ON THE COVER North Coast Journal Weekly

Danger on the Beach: Is toxic algae killing dogs at Big Lagoon?

story & photos by ARNO HOLSCHUH


HEATHER MULLER OF SACRAMENTO loved her dog Ernest, a fluffy white 6-year old mutt, and Ernest loved the outdoors. [in above photo]

So when Muller left the confines of the big city to visit the open spaces of Humboldt County, she always took Ernest along. Muller normally camped at Patrick's Point, but this year she decided to look for another spot -- for Ernest's sake. "They're not too dog-friendly at Patrick's Point," she explained.

In late July she chose the county campground on the shore of Big Lagoon and decided to do some fishing. The clerk at a nearby tackle shop told her there was a secluded beach on the north side of the lagoon where she might have luck with steelhead.

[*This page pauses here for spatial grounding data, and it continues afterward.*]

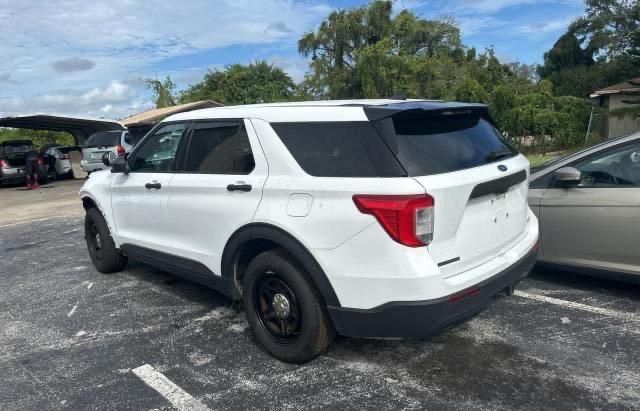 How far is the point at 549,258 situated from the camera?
15.6 ft

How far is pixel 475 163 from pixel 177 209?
2.37 m

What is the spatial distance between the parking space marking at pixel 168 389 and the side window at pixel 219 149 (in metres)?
1.49

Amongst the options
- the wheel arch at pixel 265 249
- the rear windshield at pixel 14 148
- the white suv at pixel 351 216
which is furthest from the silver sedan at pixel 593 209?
the rear windshield at pixel 14 148

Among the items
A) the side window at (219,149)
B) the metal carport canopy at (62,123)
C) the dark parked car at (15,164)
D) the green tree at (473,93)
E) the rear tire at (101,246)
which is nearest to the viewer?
the side window at (219,149)

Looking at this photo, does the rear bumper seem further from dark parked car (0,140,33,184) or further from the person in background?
dark parked car (0,140,33,184)

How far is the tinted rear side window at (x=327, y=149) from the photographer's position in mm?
3143

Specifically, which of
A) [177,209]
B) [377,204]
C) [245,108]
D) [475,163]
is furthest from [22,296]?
[475,163]

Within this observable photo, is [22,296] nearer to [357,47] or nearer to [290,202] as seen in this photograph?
[290,202]

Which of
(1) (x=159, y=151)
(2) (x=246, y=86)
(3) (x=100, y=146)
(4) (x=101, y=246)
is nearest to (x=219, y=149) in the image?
(1) (x=159, y=151)

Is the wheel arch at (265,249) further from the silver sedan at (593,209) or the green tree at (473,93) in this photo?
the green tree at (473,93)

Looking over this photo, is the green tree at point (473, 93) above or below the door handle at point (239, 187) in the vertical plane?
above

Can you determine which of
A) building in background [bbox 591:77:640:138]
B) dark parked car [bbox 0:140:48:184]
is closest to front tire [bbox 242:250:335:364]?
building in background [bbox 591:77:640:138]

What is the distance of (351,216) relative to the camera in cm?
303

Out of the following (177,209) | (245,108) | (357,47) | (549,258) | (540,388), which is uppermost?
(357,47) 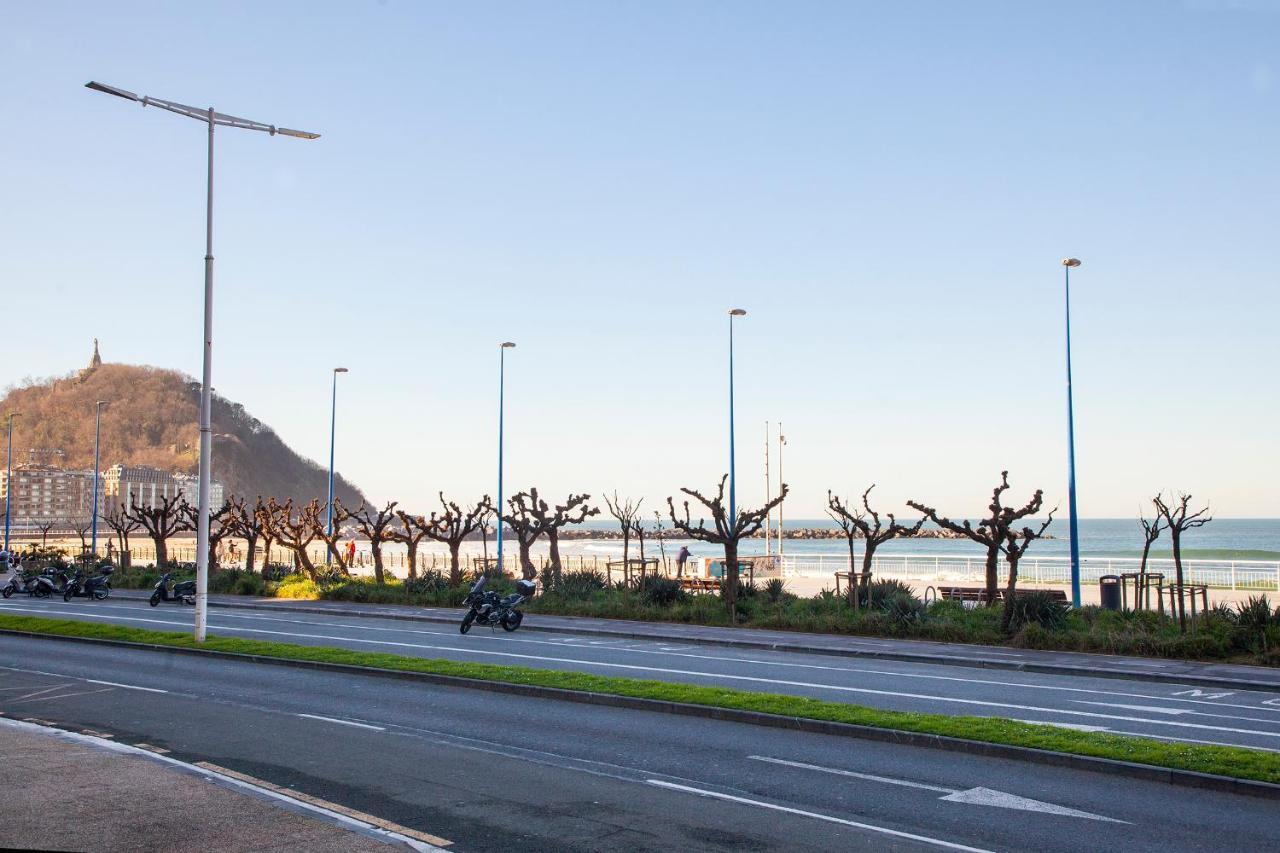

When she arrived at the gravelly beach, she found something strange in the water --foul-smelling, blue-green foam close to shore. Muller, who described herself as "totally paranoid" about the health of her pets, asked two nearby windsurfers if the substance was harmful to dogs.

"The lady said it was just an algae bloom -- nothing to worry about," Muller said. So she let Earnest loose to do what dogs do best -- frolic in the water.

Later that night Ernest began vomiting, but Muller wasn't worried. "In my experience, that's what dogs do -- puke."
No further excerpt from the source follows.